I’m having a difficult time switching into Christmas preparations.  My mind is running along one highway and I need to somehow merge over into the flow of happy traffic that feels so strange right now.  Our Christmas cards are still stacked on the kitchen counter, groceries are still at the store and not in my kitchen.  I want somebody to show up and say, “We’re here!  It’s time for Christmas!” then tie on an apron to join me as I cook.  I’m praying for grace and joy that overflows onto my family.
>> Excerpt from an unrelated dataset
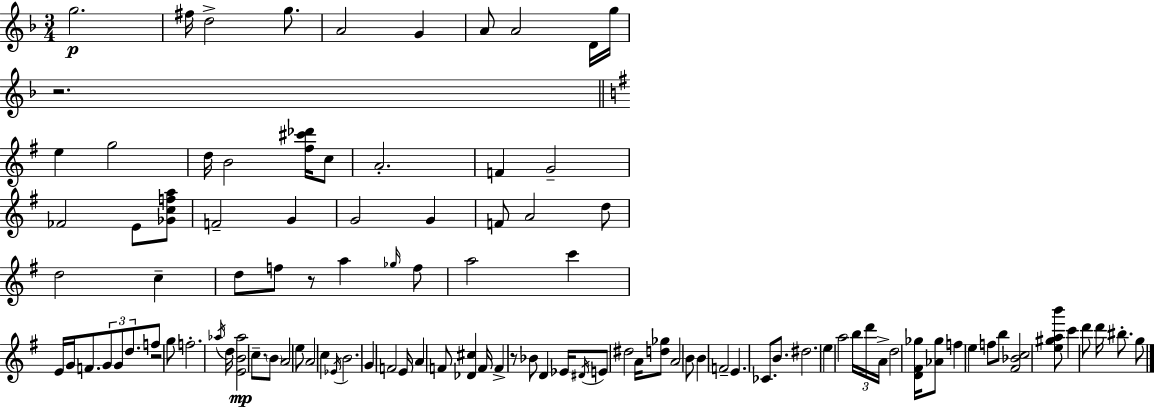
G5/h. F#5/s D5/h G5/e. A4/h G4/q A4/e A4/h D4/s G5/s R/h. E5/q G5/h D5/s B4/h [F#5,C#6,Db6]/s C5/e A4/h. F4/q G4/h FES4/h E4/e [Gb4,C5,F5,A5]/e F4/h G4/q G4/h G4/q F4/e A4/h D5/e D5/h C5/q D5/e F5/e R/e A5/q Gb5/s F5/e A5/h C6/q E4/s G4/s F4/e. G4/e G4/e D5/e. F5/e R/h G5/e F5/h. Ab5/s D5/s [E4,B4,Ab5]/h C5/e. B4/e A4/h E5/e A4/h C5/q Eb4/s B4/h. G4/q F4/h E4/s A4/q F4/e [Db4,C#5]/q F4/s F4/q R/e Bb4/e D4/q Eb4/s D#4/s E4/e D#5/h A4/s [D5,Gb5]/e A4/h B4/e B4/q F4/h E4/q. CES4/e. B4/e. D#5/h. E5/q A5/h B5/s D6/s A4/s D5/h [D4,F#4,Gb5]/s [Ab4,Gb5]/e F5/q E5/q F5/e B5/e [F#4,Bb4,C5]/h [E5,G#5,A5,B6]/e C6/q D6/e D6/s BIS5/e. G5/e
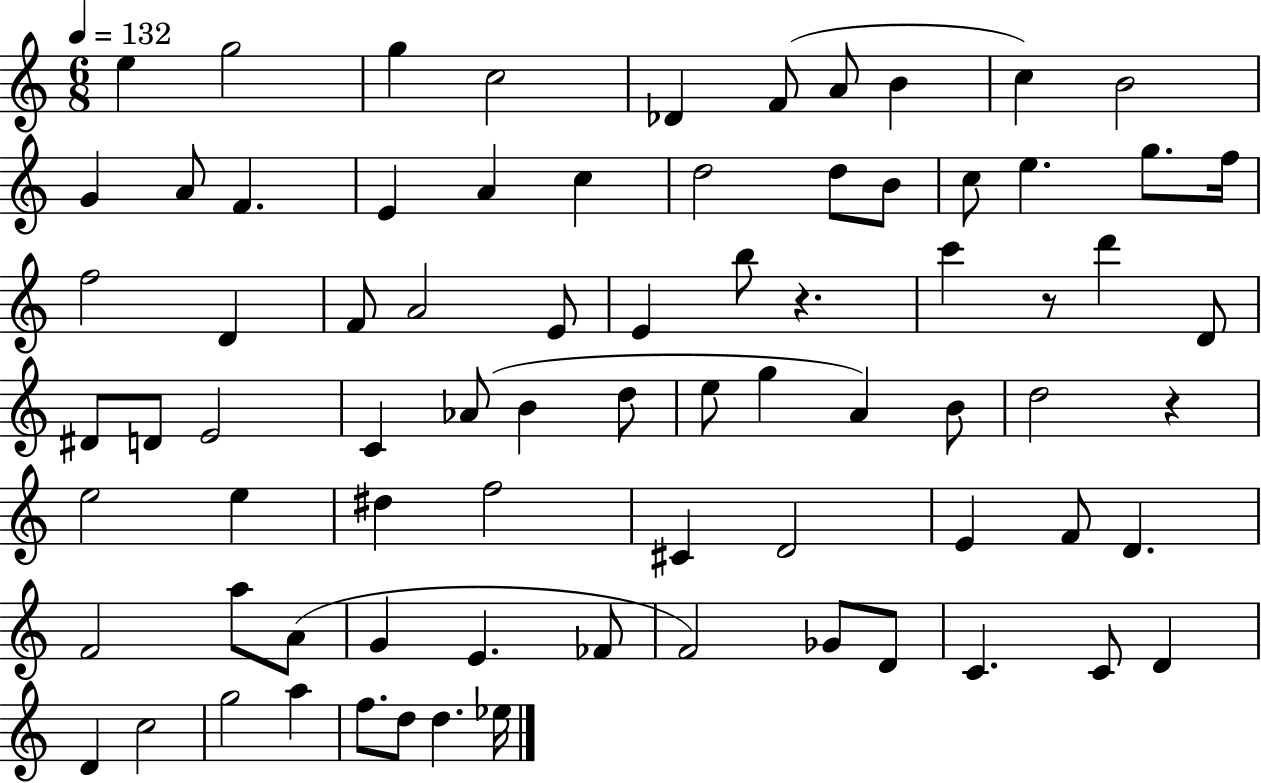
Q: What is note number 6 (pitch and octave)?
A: F4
Merry Christmas friends – Emmanuel has come.  He is here and I can only say, “Thank you Jesus for not leaving us to journey through this life of brokenness alone.”

Lisa



  1. sleighs79 (Reply) on Monday 24, 2012

    Praying for you and the whole family on this most painful of Christmases. Believing with you for ultimate healing and redemption. Much love from many miles away.

  2. Heidi (Reply) on Monday 24, 2012

    Dear Lisa, you are on my heart and in my prayers.

    "And ye, beneath life's crushing load, whose forms are bending low,
    Who toil along the climbing way with painful steps and slow,
    Look now! For glad and golden hours come swiftly on the wing:
    O rest beside the weary road and hear the angels sing."
    Third verse of "It Came Upon the Midnight Clear"

    Wishing I could bring cookies and my new baby over.

  3. Sandie (Reply) on Monday 24, 2012

    I hope that this may be a time of rest and healing for you and all of your children. X

  4. Sonya Hillrich (Reply) on Monday 24, 2012

    Just want to join in with the rest of the words that reach across the miles.
    Met you at Nashville ETC & recently started regularly as I identify so much with your struggles & vulnerabilities.
    Thanks for sharing your heart & also being a great example of protecting your family. I may be where you are someday, & I stand with you today in the power of the Spirit.
    Imagine that all us moms who read & pray here with you are tying on so many aprons & praying you through your day.
    Grace~

  5. Stephanie (Reply) on Monday 24, 2012

    I will pray for your family today as I continue to pray, too, for loved ones in our own family walking a very similar path this Christmas. May God give you grace and strength through our blessed Emmanuel.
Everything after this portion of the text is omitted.